It is a common misconception that Sushi means Raw Fish. Sushi is actually vinegared rice, which is then topped or rolled with a variety of things -- sometimes raw fish, sometimes cooked seafood, and to the delight of megatarians everywhere, sometimes veggies! Dining out, sushi can be relatively costly, depending on how many pieces you want and containing what. At home it's much less expensive, and you can put whatever you want into it without confusing the waitress or being charged extra for "special" orders or avocado.

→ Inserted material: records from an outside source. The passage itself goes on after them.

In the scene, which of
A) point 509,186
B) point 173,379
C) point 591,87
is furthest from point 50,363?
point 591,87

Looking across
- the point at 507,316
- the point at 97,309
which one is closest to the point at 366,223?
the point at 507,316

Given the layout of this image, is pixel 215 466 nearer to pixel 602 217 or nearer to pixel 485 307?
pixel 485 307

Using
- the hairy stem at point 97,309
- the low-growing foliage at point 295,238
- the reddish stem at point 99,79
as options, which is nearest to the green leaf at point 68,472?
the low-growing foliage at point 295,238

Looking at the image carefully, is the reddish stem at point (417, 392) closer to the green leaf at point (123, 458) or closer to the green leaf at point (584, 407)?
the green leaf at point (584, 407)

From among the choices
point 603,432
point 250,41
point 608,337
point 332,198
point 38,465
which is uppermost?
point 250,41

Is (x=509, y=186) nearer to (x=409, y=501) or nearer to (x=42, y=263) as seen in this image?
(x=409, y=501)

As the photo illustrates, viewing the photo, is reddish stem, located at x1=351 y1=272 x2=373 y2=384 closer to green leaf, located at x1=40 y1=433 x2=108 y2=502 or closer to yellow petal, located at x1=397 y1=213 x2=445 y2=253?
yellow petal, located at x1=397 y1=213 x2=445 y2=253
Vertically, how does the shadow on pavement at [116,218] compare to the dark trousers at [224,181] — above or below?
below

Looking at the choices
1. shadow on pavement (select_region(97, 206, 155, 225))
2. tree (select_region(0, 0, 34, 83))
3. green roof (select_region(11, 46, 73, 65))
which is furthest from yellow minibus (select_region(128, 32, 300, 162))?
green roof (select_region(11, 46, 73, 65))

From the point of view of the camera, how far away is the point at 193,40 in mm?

There isn't a recipe for sushi as much as there is a method. Ergo, I've photographed the method.
You will need:
Sushi rice (short grain white "sticky" rice - often labeled "SUSHI RICE." Glutenous rice also works well, though the people at the Asian market have given me a stern warning about it NOT being sushi rice)
Rice wine vinegar
Nori (sheets of seaweed, available at your friendly neighborhood Asian market)

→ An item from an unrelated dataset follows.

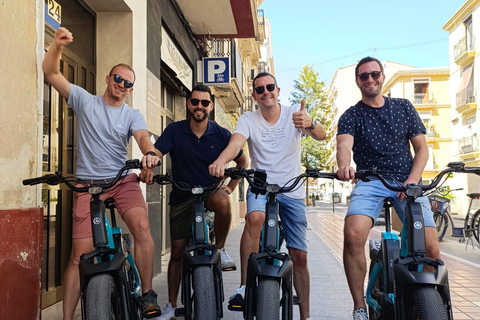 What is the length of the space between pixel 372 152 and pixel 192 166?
1.56 meters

Things to put in your sushi (veggies, tofu, seitan, whatever you like)
Soy sauce for dipping
Pickled ginger/Wasabi (optional)
Highly recommended: Sushi rolling mat. It only costs about $1 at said Asian market. If you don't have one, a piece of waxed paper will work in a pinch.
Prepare the rice according to package directions. I typically use 2 cups of rice and then the appropriate proportion of water and that makes about 6 rolls.
Once the rice is cooked and cooled a bit, season it with vinegar, sugar, and salt. For 2 cups of rice I use 1/4 cup rice wine vinegar, 1 tbsp sugar, 1 tsp salt. Adjust according to how much rice you're using and to taste. Fold the rice over a few times after you've added the seasonings to distribute it evenly.
On your rolling mat, place one sheet of Nori. Add a scoop (about 1/2 cup) of rice and spread it evenly over the Nori using your fingertips, lightly moistened (keeping a bowl of water around doesn't hurt during this process!)
On the side closest to you, layer whatever fillings you are going to use. Here I've got sauteed shiitake mushrooms, avocado, cucumber, carrots, and red peppers.
Start rolling the sushi away from you, using the mat to help guide the roll and hold it together. When it's all rolled up, give it a gently squeeze in the rolling mat to seal the edges. Don't squeeze too hard or your veggies will go flying out the end!
Now all that's left is slicing it into bite sized pieces. I find a wet, serrated knife works best for this. I slice my rolls into 6 or 8 pieces, depending on how fat the roll is. You're supposed to put the entire piece in your mouth at once, so let that be the judge of how big you want the pieces!